Auf einer sich nach vorn hin öffnenden schmalen Bühne, die von durchsichtigen hellroten Glaswänden eingerahmt ist und deren sich nach vorn neigender Grund durch einen bedeutungsschweren Graben getrennt wird, spielt das Schlusskapitel des realen Dramas, das zur Zeit der Herrschaft Elisabeth I. Englands Schicksal hin zum Protestantismus und hin zu einer Weltmacht entscheiden sollte. Friedrich Schiller hat nach  Shakespeares` Vorbild einzigartige Charaktere geformt!

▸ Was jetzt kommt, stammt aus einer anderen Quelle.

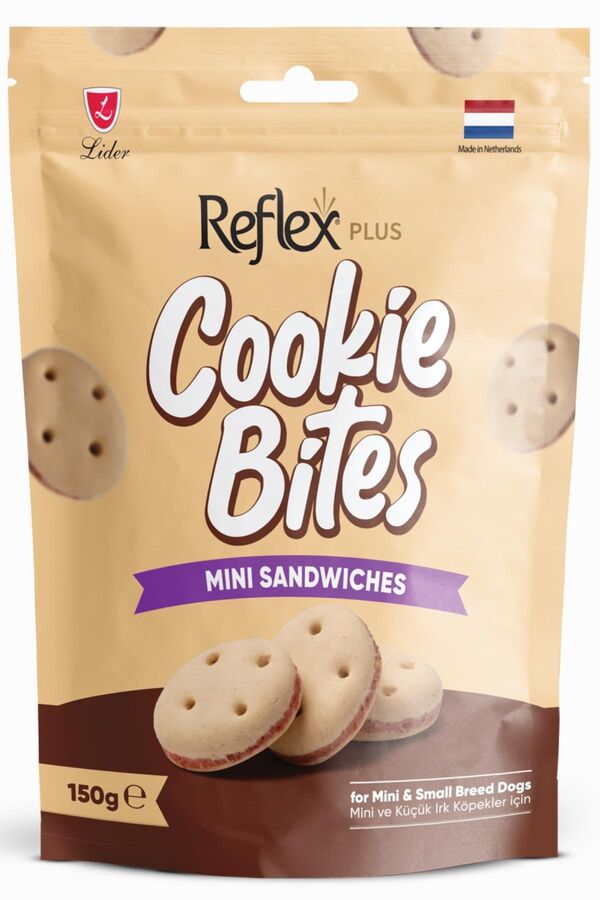Reflex Plus Mini Sandviçler Mini ve Küçük Irk Yetişkin Köpek Ödül Maması 150gr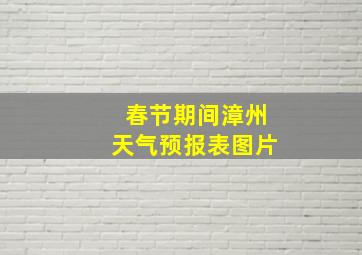 春节期间漳州天气预报表图片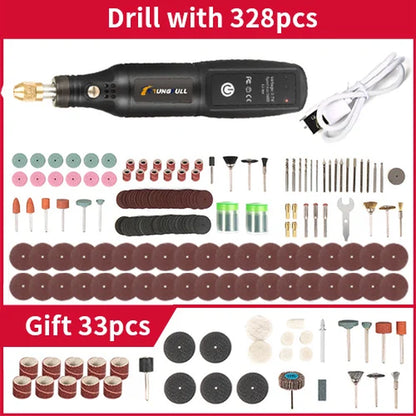 USB Rechargeable Engraving & Polishing Tool – Cordless Mini Rotary Drill Kit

Die aufrührerische Maria von Schottland hat mit ihrem katholischen Clan und der Unterstützung des Papstes zum Sturz Elisabeths (der unehelichen Tochter Heinrichs VIII. und Anna Boleyn) aufgerufen und einen schrecklichen Krieg gegen England geführt. Sie wird ihren Treuebruch nicht überleben. Im Gefängnis, durch dessen Vorder- und Rückseiten und Geheimtüren gefährliche Briefe und harmlose Nachrichten überbracht werden, überschreiten Boten und Wächter, Gegen- und Mitspieler, Feinde und Getreue mehr als einmal den Bühnen-Abgrund, der die beiden Frauen in ihren gläsernen Gefängnissen von einander trennt. Denn Gefangene sind sie beide, auch und vor allem Elisabeth, die lediglich ein Spielball männlicher Machtinteressen zu sein scheint. (Ob sie in der Historie wirklich derart von den Lords beeinflusst wurde, wird bezweifelt, da sie sich allen politisch wünschenswerten Heiraten widersetzte und sich zur Ehelosigkeit entschloss und damit zu einer starken politischen Persönlichkeit entwickelte.)

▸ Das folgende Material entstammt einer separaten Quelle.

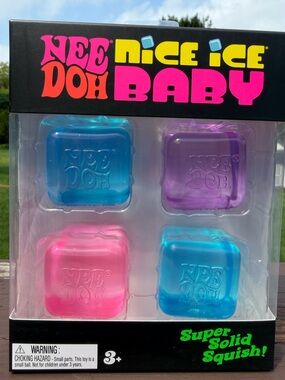 Nice Ice Baby NeeDoh Super Solid Squish Set - Pink, Blue, Purple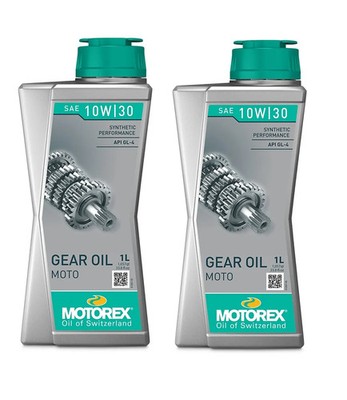 Motorex Moto Gear Oil 10W-30 2x 1L Getriebeöl GL4 10W30 für 2-T Bikes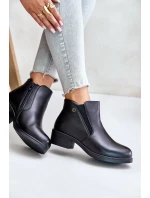 Boty S Nízkým Záhlavím Zateplené Kožešinou Vinceza 85150 Černé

Maria, die "stolz bis zu den Stufen des Schafotts" von ihrem legalen Herrschaftsanspruch überzeugt ist, will sich dem Urteil der Richter nicht beugen, die auch auf Grund falscher Zeugenaussagen ihren Tod beschlossen haben. Die Ausführung des Urteils ist nun die Sache Elisabeths. Maria bittet ihren Geliebten Graf Leicester, eine persönliche Begegnung mit Elisabeth herbeizuführen; und sie erhält wirklich bei dem Treffen mit der hier durchaus unschlüssigen Elisabeth eine letzte Chance, sich zu rechtfertigen. Doch als sie Elisabeths Ehre und Weiblichkeit verhöhnt, ist trotz aller zuvor bezeugten Demut ihr Schicksal endgültig besiegelt. Das ist in der Tat ein großartiges Duell, das sich die beiden Damen da auf der damaligen Weltbühne lieferten (und bei dem sie große schauspielerische Vorbilder haben) - auf der Bühne des Deutschen Theaters ist das jedoch eine schnell verpuffte Angelegenheit. Die schöne, majestätische Elisabeth und die von ihrer Haft arg mitgenommen wirkende kindliche Maria sind einander so gar nicht ebenbürtig; die eine Königin vom Scheitel bis zur Sohle, die andere ein trotziges kleines Mädchen, das seine Gedanken, die ganzen Generationen von Schülerinnen Tränen entlockten, leer herunterleiert. Da fehlt das Feuer, die Glut der Leidenschaft der einst so schönen, noch immer begehrten Frau, das brennende Verlangen nach Leben! I

 Aber leider gibt es noch andere Misslichkeiten in einer sonst durchaus beachtenswerten Inszenierung, als da sind die unpassende Kleidung des somit leicht gockelhaft daherstelzenden Paulet, der immerhin zum engeren Ratgeberkreis der Königin gehört. Seltsam gefühllos und unbeteiligt steht dieser Mann neben sich und dem Geschehen, peinigt Maria im Kerker, wirft sie zu Boden, und gehört doch zu ihrem Befreiungsteam. Sein Neffe, der vom Katholizismus überzeugte und zur Befreiung Marias heran gereiste junge Mortimer, entbrennt sogleich in Liebe zu der kleinen Schottin , verbirgt seine Gefühle jedoch hinter steifer Würde und streckt die begehrte Dame später ebenfalls zu Boden. Warum er mit einem Pistolenschuss auf der Bühne umgebracht wird, obwohl er sich doch laut Schiller selbst ersticht, bleibt unklar und irgendwie unsinnig. Den Meuchelmord an Elisabeth hätte man ihm auch so geglaubt, geht es doch um Leicesters doppeltes Liebesspiel, mit dem er beide Königinnen zu lenken versteht. A.C.